WHAT TO WORK ON: In this exercise, print only the lines from the line with "Carla Portemonnee In" to the last line of the data below, inclusive. Any pictures should be left out.

[Captioned web images]
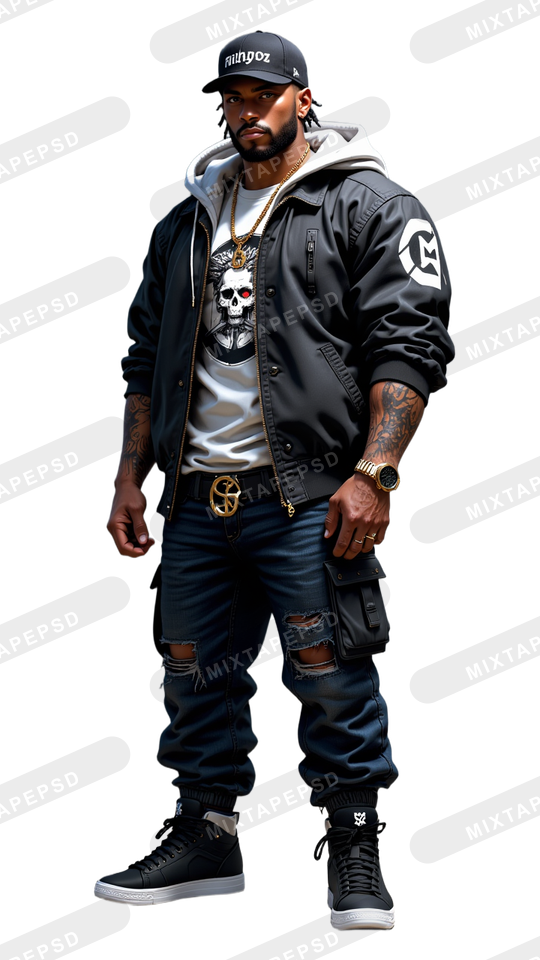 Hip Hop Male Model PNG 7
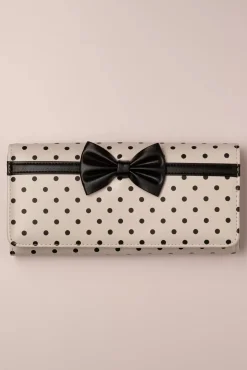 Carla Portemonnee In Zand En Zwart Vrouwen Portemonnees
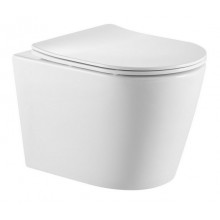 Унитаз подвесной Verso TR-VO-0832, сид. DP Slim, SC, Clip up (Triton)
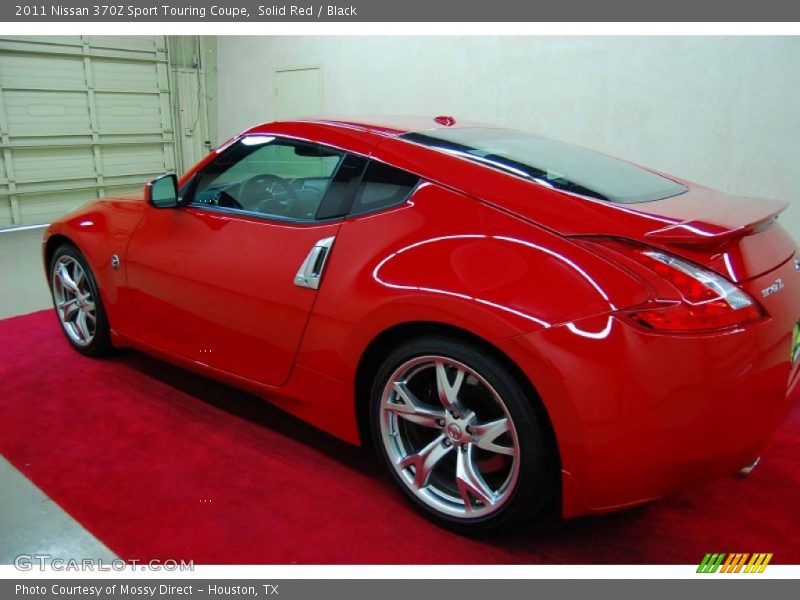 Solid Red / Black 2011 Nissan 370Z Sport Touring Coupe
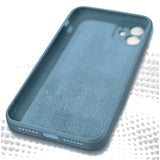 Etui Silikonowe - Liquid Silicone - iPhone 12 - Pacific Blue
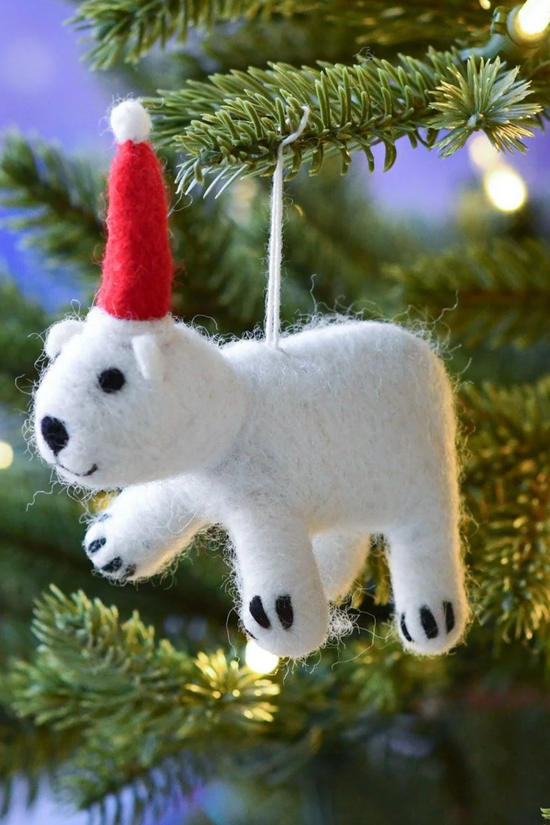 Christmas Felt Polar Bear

EXPECTED ANSWER:
 Carla Portemonnee In Zand En Zwart Vrouwen Portemonnees
 Унитаз подвесной Verso TR-VO-0832, сид. DP Slim, SC, Clip up (Triton)
 Solid Red / Black 2011 Nissan 370Z Sport Touring Coupe
 Etui Silikonowe - Liquid Silicone - iPhone 12 - Pacific Blue
 Christmas Felt Polar Bear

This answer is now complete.